_Task item_
Make an exact transcript of the lines in the data below, starting with the one containing "set kinderbasketballkorf hangend" and going on through the one containing "Grateful, Thankful, Blessed", with both included and the pictures left out.

_Available data_
((

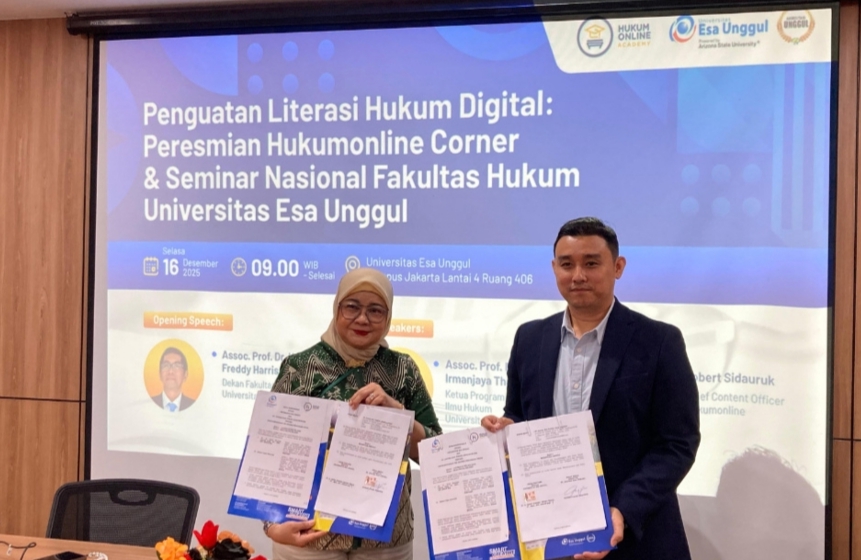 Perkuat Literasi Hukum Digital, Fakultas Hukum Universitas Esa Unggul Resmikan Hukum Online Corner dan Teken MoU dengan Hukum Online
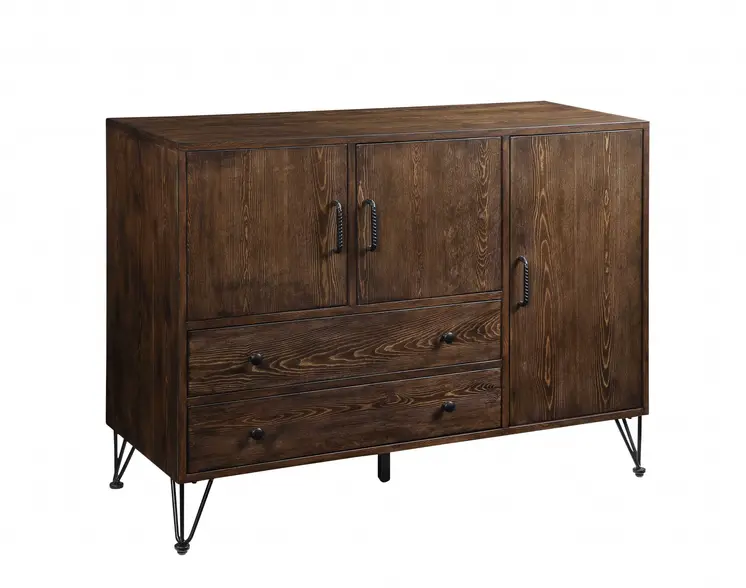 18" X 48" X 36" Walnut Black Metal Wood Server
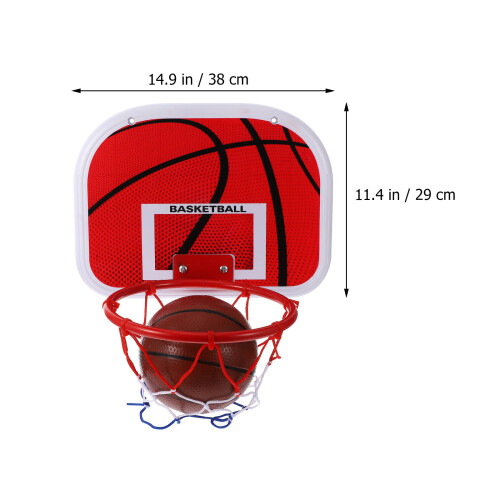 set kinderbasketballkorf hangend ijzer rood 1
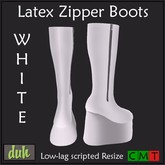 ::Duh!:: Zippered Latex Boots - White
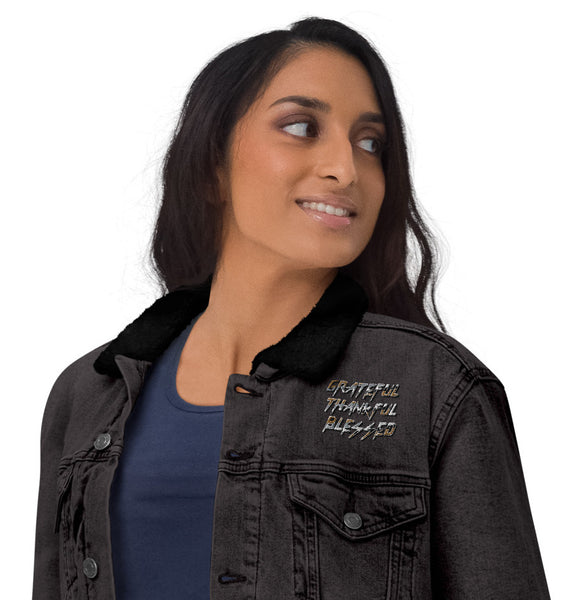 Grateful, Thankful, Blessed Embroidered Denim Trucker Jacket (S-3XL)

))
((

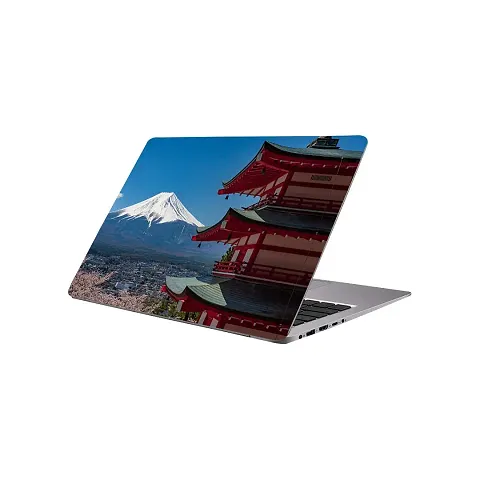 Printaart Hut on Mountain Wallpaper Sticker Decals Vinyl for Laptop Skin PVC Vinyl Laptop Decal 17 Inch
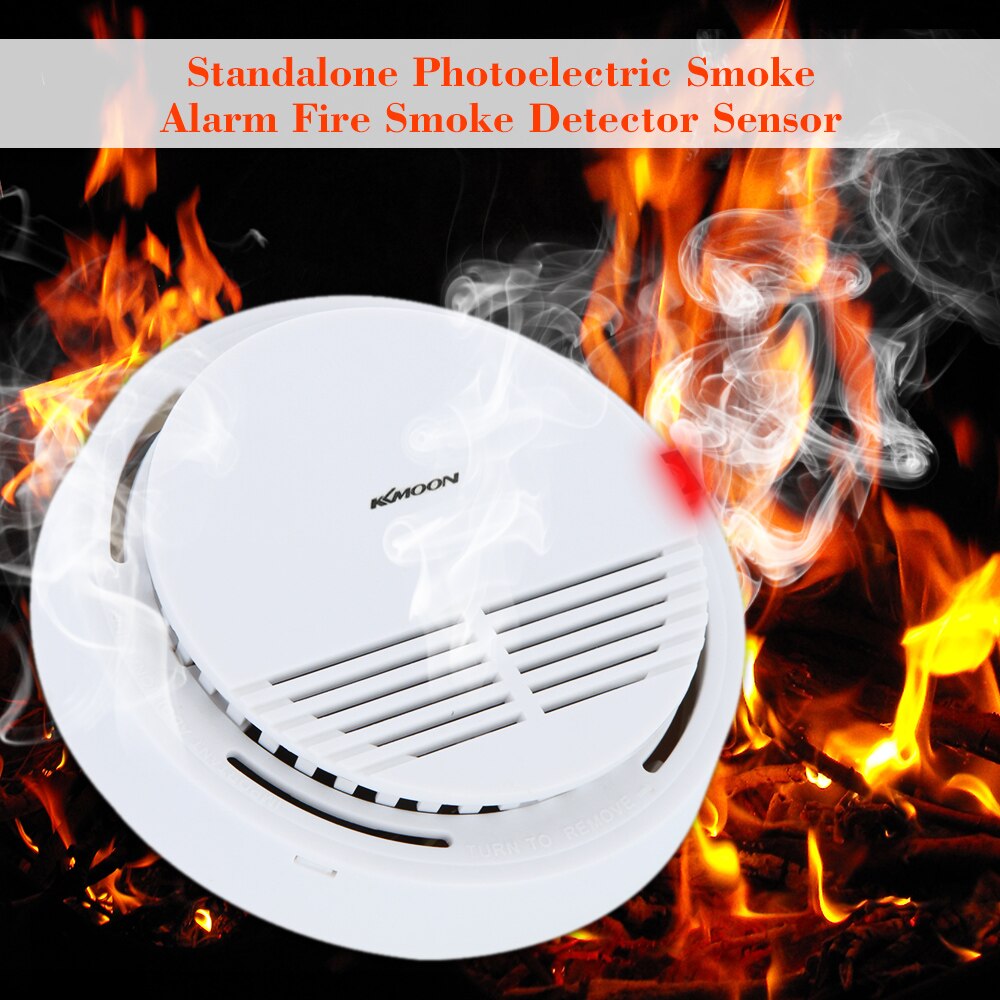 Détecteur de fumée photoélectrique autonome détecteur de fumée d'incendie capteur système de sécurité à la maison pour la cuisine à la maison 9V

))

_Exercise output_
 set kinderbasketballkorf hangend ijzer rood 1
 ::Duh!:: Zippered Latex Boots - White
 Grateful, Thankful, Blessed Embroidered Denim Trucker Jacket (S-3XL)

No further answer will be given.